» **Task item**:
All of the data should be reproduced word for word, though its pictures must be omitted.
*** Opening Data segment ***
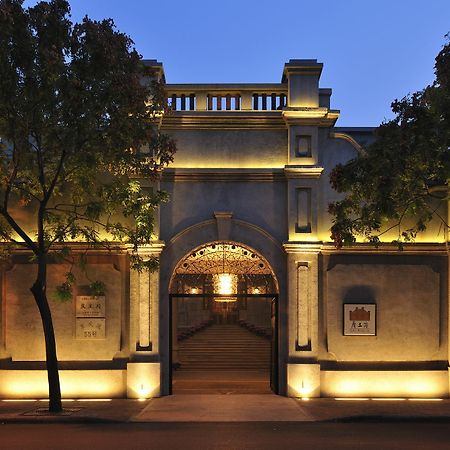 Tianjin Qingwangfu Shanyili Boutique Hotel Exteriér fotografie
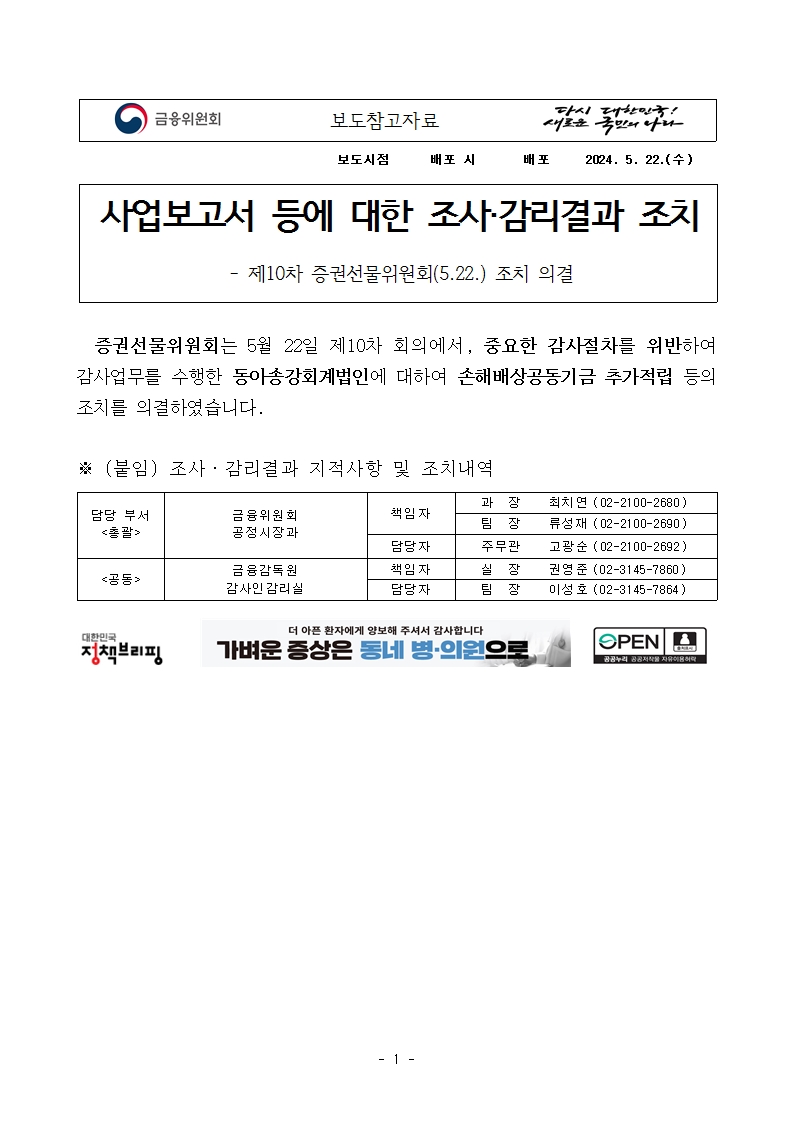 동아송강회계법인 이미지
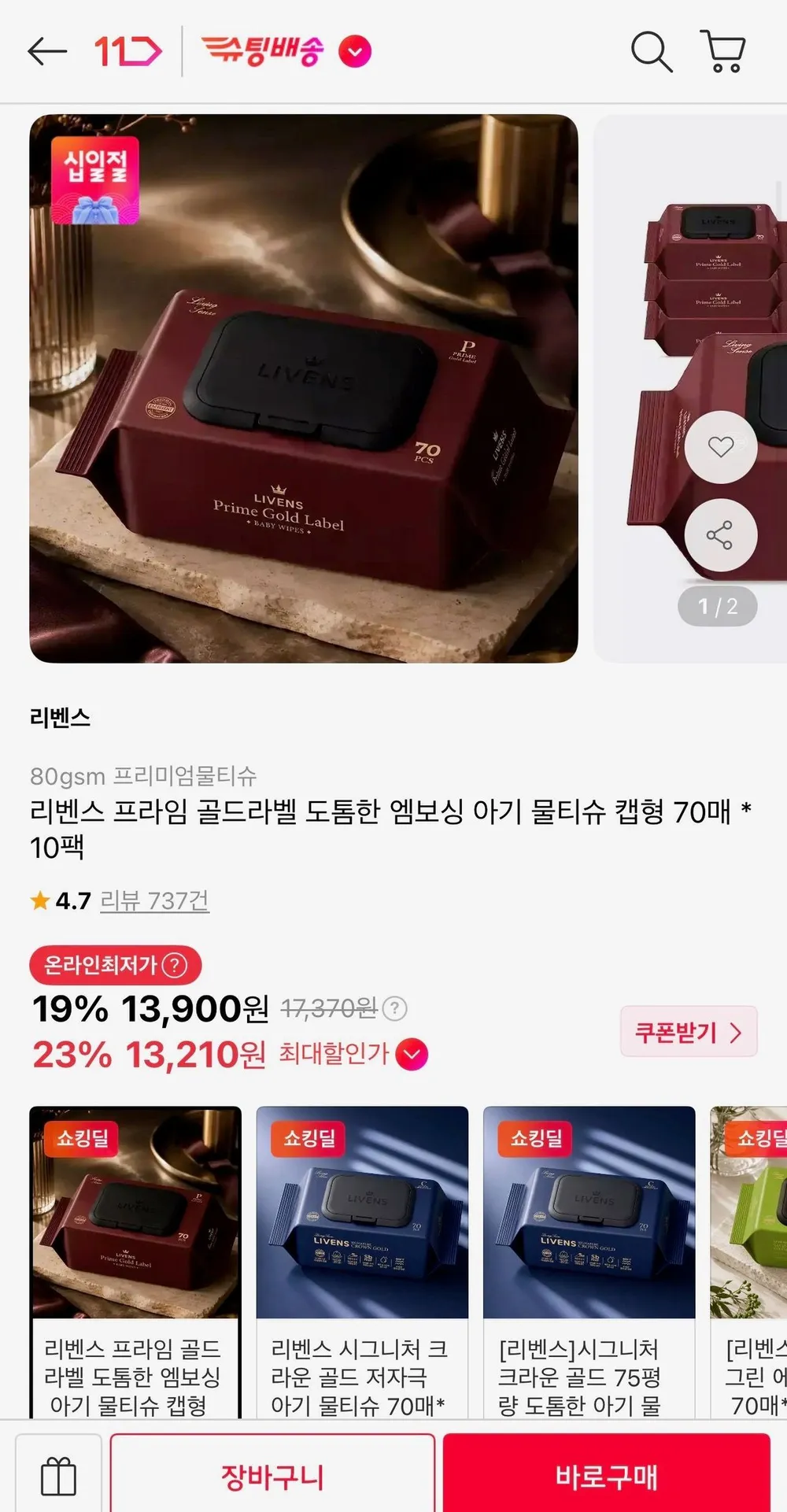 프라임 골드라벨 엠보싱 80평량 물티슈 70매 10팩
*** Closing Data segment ***
» **Task response**:
 Tianjin Qingwangfu Shanyili Boutique Hotel Exteriér fotografie
 동아송강회계법인 이미지
 프라임 골드라벨 엠보싱 80평량 물티슈 70매 10팩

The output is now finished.